Political prisoners Majid Assadi, Payam Shakiba, and Mohammad Banazadeh were sentenced to prison and exile after the Intelligence Ministry pressured the court, a family member of one of the prisoners told the Center for Human Rights in Iran (CHRI).
“The lawyers defended their clients in court but the judge found them guilty in the presence of the Intelligence Ministry representative who practically directed the court proceedings,” said the source, who requested anonymity for security reasons.
In a ruling issued on November 27, 2017, Judge Mashallah Ahmadzadeh of Branch 26 of the Tehran Revolutionary Court sentenced Banazadeh to 11 years in Evin Prison and two years in exile in the city of Nikshahr, Sistan and Baluchistan Province. Assadi was given a six-year sentence in Evin Prison and two years in exile in Borazjan, Bushehr Province. Shakiba was sentenced to six years in Evin Prison.
The three men were charged with “propaganda against the state” and “assembly and collusion against national security” based on claims made by the Intelligence Ministry, the source told CHRI.
“This is a preliminary sentence,” said the source. “The sentences will not stand if the Appeals Court makes a fair judgment because the case is only based on accusations by a representative of the Intelligence Ministry without any evidence and the accused all denied the charges during their interrogation.”

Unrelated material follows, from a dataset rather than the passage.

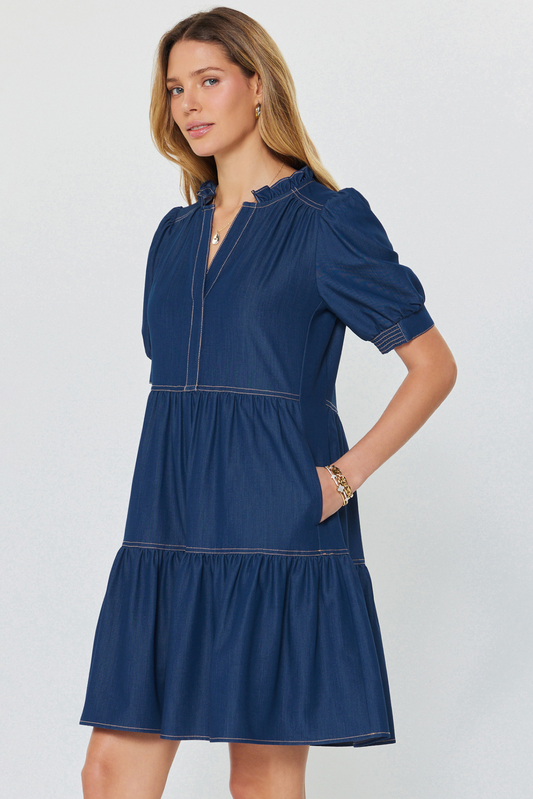 Woman wearing a blue dress against a white background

The men were arrested by Intelligence Ministry agents in March 2017 and held in solitary confinement in Tehran’s Evin Prison for about two months before being transferred to Rajaee Shahr Prison, located 31 miles west of the capital.
Assadi, 35, was first arrested on July 3, 2008, for his peaceful political activities while he was a student at Allameh Tabatabaie University in Tehran. In March 2010, he was sentenced to four years in prison for “assembly and collusion against national security” and was released after serving his sentence from October 2011 to June 2015.

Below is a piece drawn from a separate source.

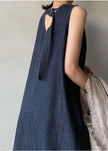 FJØRNA bohemian navy V-neck cold shoulder sleeveless cotton denim dress, casual wedding attire with relaxed fit and stylish design.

Shakiba, 30, was previously arrested on July 8, 2008, for exposing sexual misconduct against a female student by a senior administrator at the Zanjan University campus, where he was a student at the time.
In March 2010, Shakiba was condemned to a year in prison for “causing public anxiety” and “instigating illegal gatherings against national security” and barred from returning to university for two semesters. Upon appeal, his sentence was reduced to six months in prison, which he served from November 2010 to March 2011.
A veteran political activist, Banazadeh, 63, was arrested by the Intelligence Ministry on November 30, 2009, for his alleged involvement with the banned Mojahedin-e Khalgh Organization (MEK). He was freed in November 2014 after serving a five-year sentence.